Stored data
------
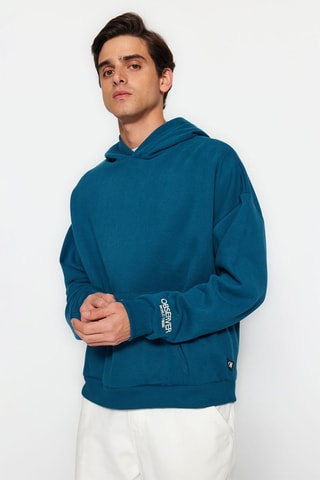 Felpa con cappuccio - Blu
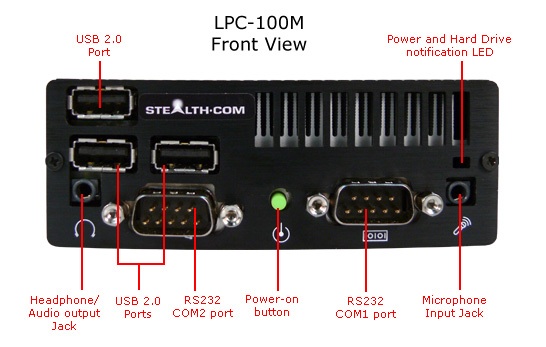 Stealth Computer LPC-100M Mobile Ultra Mini PC - Front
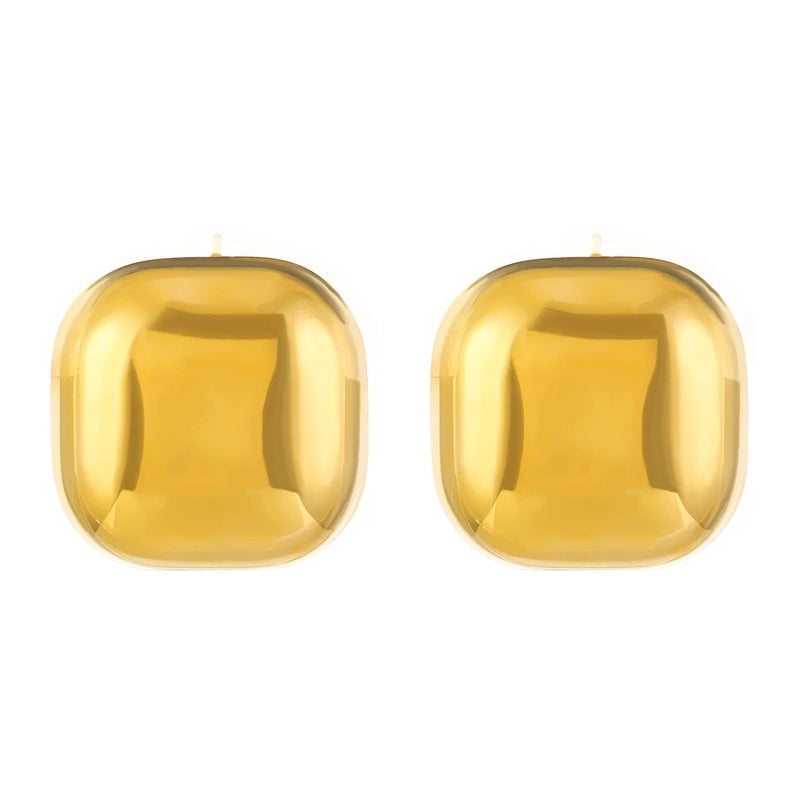 1 Pair Minimalist Classic Style Water Droplets Titanium Steel 18K Gold Plated Ear Studs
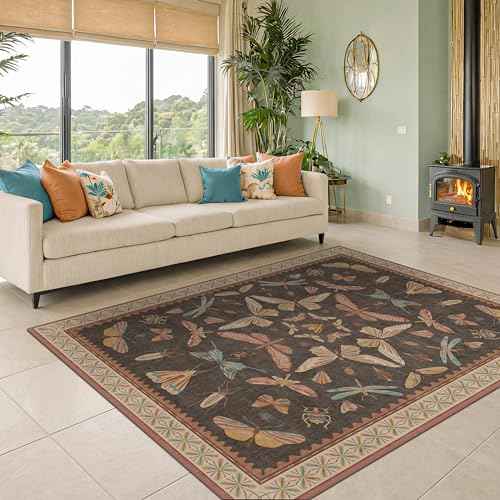 Washable Living Room Area Rug 5x7 (35 Sq Ft)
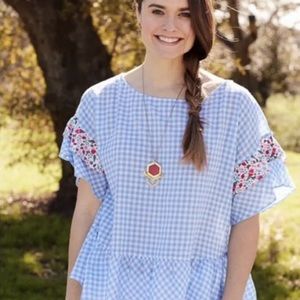 Matilda Jane Wish You Were Here Rural Route Gingham Top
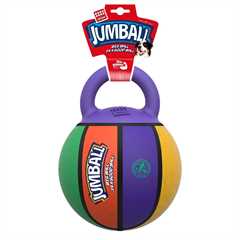GiGwi Jumball Basketball with Rubber Handle Dog Toy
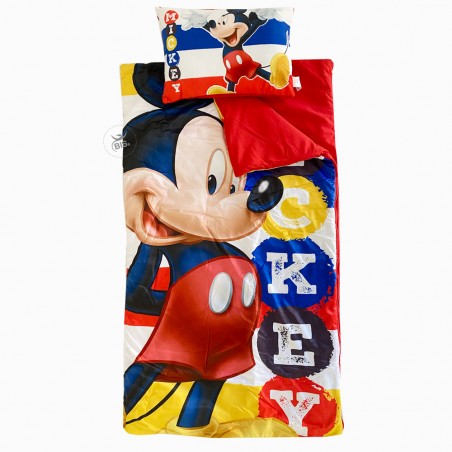 Sacco a pelo e cuscino Topolino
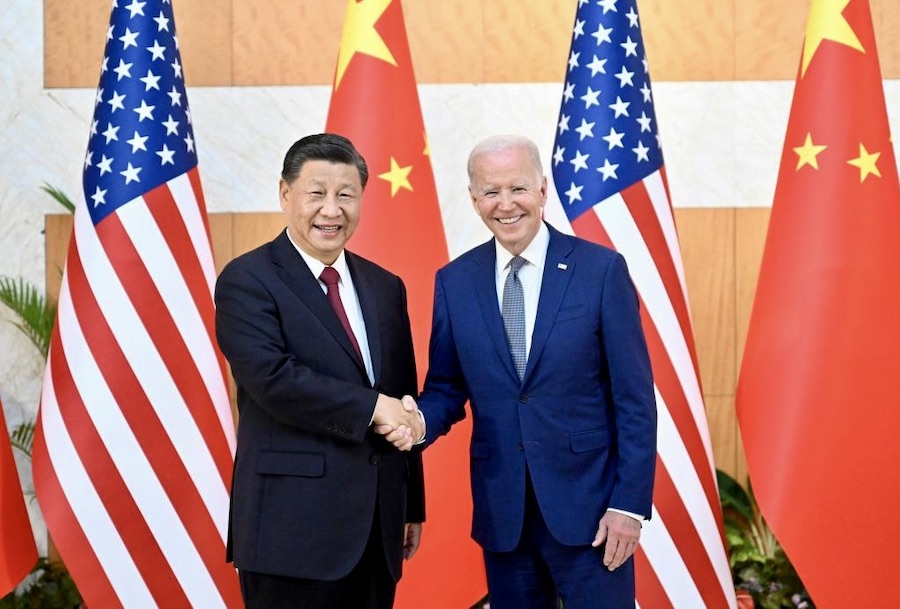Xi jinping Joe Biden Bali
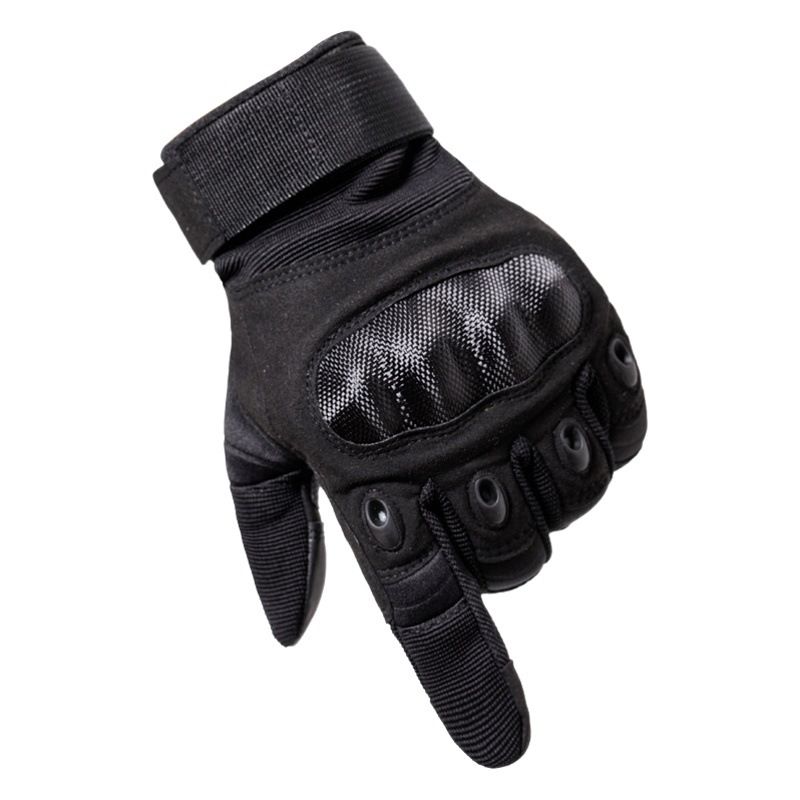 kavntuve Leather Tactical Gloves Full Finger Hard Shell Black XL view 2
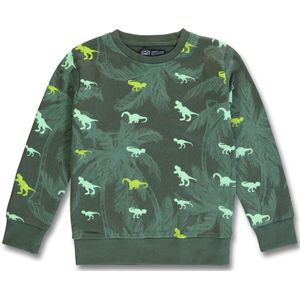 Lemon Beret sweater jongens - groen - 154543 - maat 140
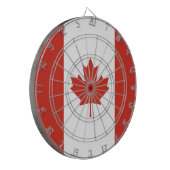 Canadese vlag (Maple Leaf) (Canada) Dartbord (Voorkant Links)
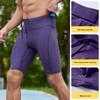 Unisex Quick-Dry High-Waist Compression Shorts with Multi-Pockets for Outdoor Fitness and Yoga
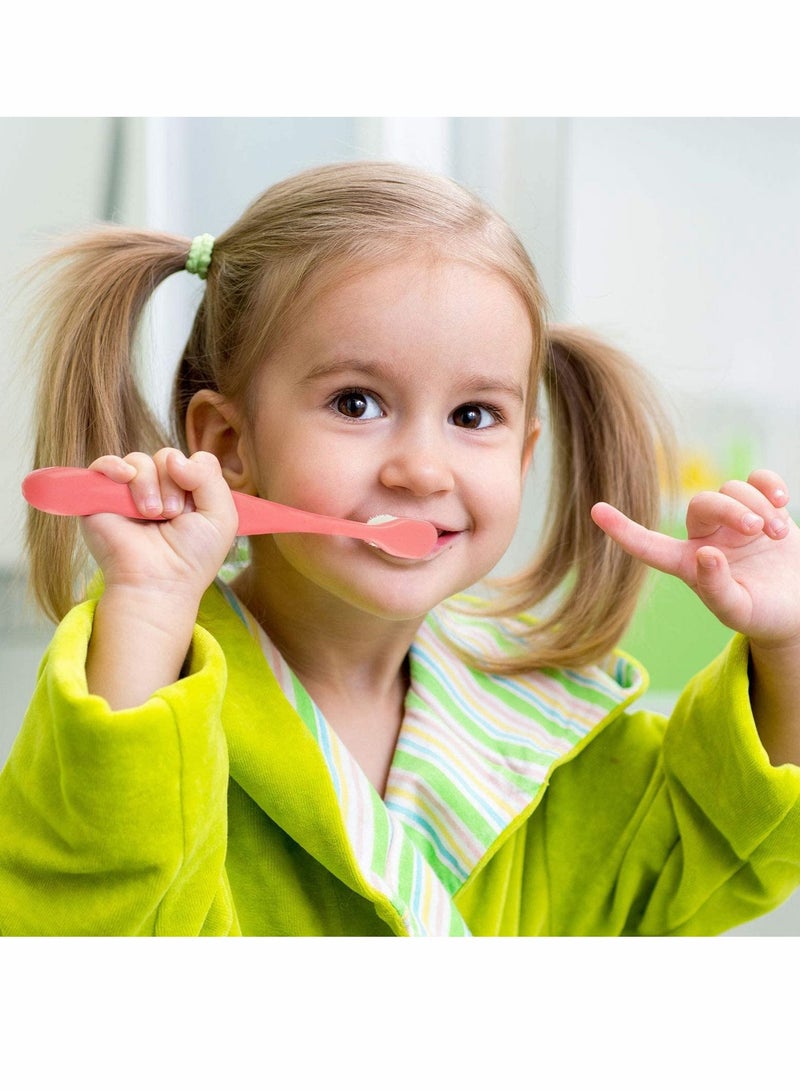 Excefore فرشاة أسنان للأطفال، 4 قطع فرشاة نانو فائقة النعومة للأطفال الصغار والأطفال - Image 5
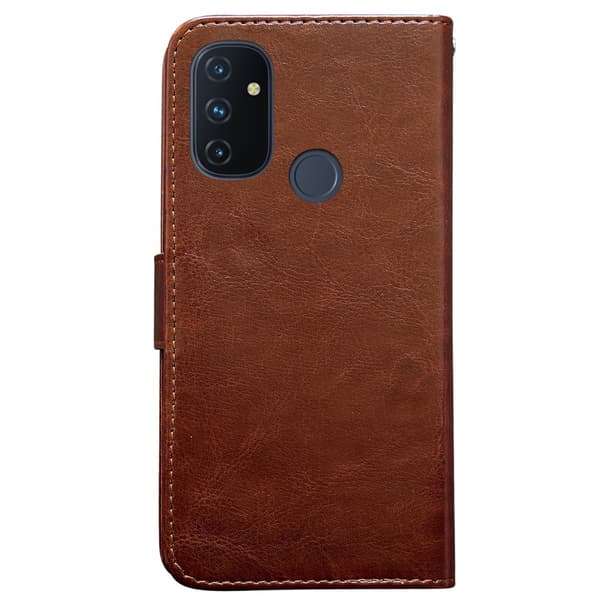 OnePlus Nord N100 - Nahkakotelo / Suoja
------
WHAT IS NEEDED: What the answer needs is every line from the one with "kavntuve Leather Tactical" through the last line of the data, reproduced word for word and with pictures omitted.

REPLY TO THE TASK:
 kavntuve Leather Tactical Gloves Full Finger Hard Shell Black XL view 2
 Lemon Beret sweater jongens - groen - 154543 - maat 140
 Canadese vlag (Maple Leaf) (Canada) Dartbord (Voorkant Links)
 Unisex Quick-Dry High-Waist Compression Shorts with Multi-Pockets for Outdoor Fitness and Yoga
 Excefore فرشاة أسنان للأطفال، 4 قطع فرشاة نانو فائقة النعومة للأطفال الصغار والأطفال - Image 5
 OnePlus Nord N100 - Nahkakotelo / Suoja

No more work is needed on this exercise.